- WORK ORDER:
Using the records below, reproduce exactly the lines from the one containing "沪铝行情最新消息/沪铝最新报价-第2张图片" through the end, and nothing more; skip the images.

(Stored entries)
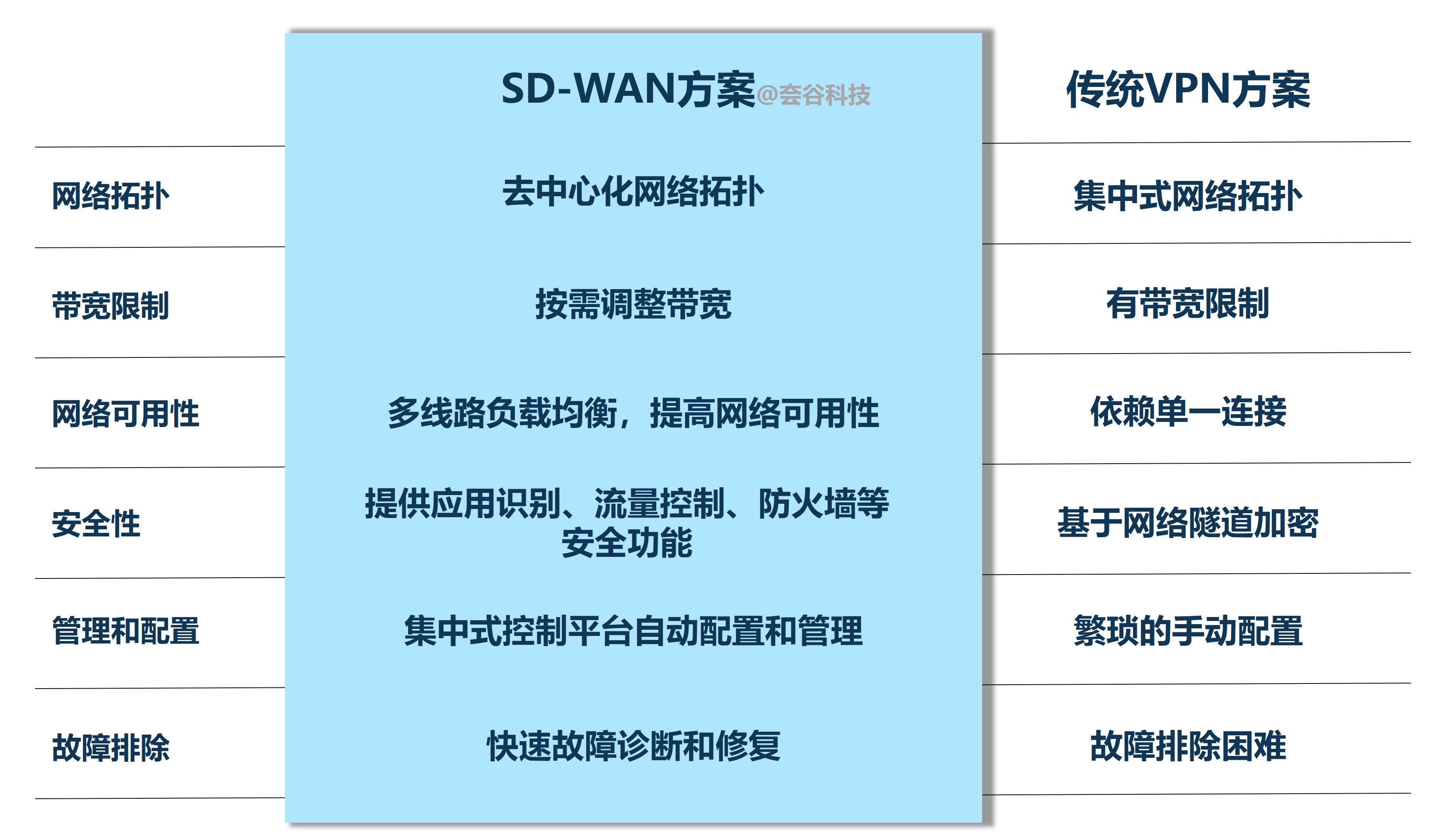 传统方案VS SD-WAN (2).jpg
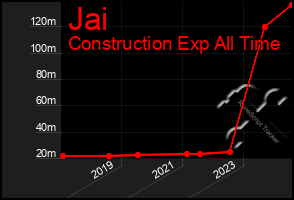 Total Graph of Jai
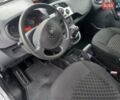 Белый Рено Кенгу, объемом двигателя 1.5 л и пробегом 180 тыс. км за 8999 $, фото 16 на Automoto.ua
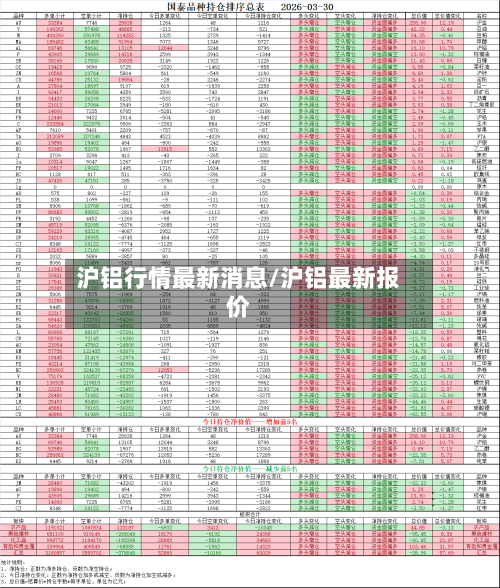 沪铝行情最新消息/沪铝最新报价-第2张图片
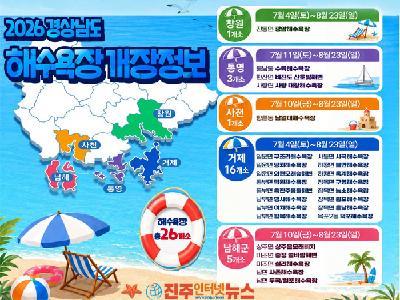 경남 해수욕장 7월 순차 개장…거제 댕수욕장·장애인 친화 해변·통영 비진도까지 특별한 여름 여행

- PROBLEM SOLUTION:
 沪铝行情最新消息/沪铝最新报价-第2张图片
 경남 해수욕장 7월 순차 개장…거제 댕수욕장·장애인 친화 해변·통영 비진도까지 특별한 여름 여행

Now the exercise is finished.